• _Exercise details_
Your job with the data below is to output exactly the lines from the one holding "Продам 1 ком. Квартиру" down to the one holding "This Refreshing Marriage", both included, and no others.

Data excerpts Start Marker

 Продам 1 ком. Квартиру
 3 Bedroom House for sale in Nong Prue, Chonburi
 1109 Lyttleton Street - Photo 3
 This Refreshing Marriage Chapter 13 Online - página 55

Data excerpts End Marker
Data excerpts Start Marker

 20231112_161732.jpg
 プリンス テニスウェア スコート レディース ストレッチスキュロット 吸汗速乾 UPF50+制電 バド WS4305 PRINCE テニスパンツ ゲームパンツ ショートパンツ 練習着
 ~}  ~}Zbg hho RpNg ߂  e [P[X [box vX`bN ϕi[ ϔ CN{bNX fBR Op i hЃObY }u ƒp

Data excerpts End Marker
Data excerpts Start Marker

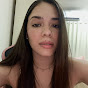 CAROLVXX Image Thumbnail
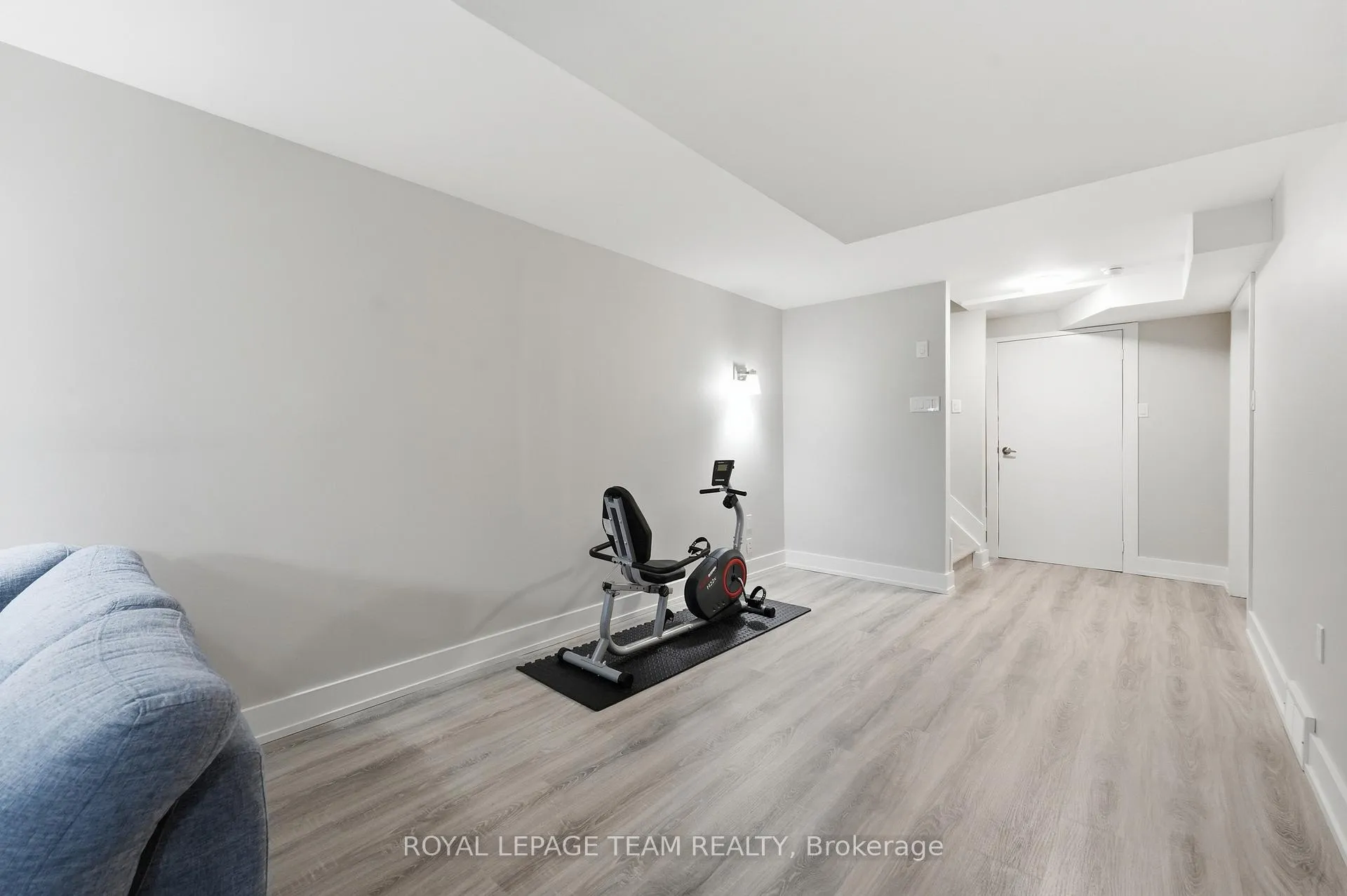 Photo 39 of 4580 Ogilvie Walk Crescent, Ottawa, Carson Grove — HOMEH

Data excerpts End Marker

• _Response below_
 Продам 1 ком. Квартиру
 3 Bedroom House for sale in Nong Prue, Chonburi
 1109 Lyttleton Street - Photo 3
 This Refreshing Marriage Chapter 13 Online - página 55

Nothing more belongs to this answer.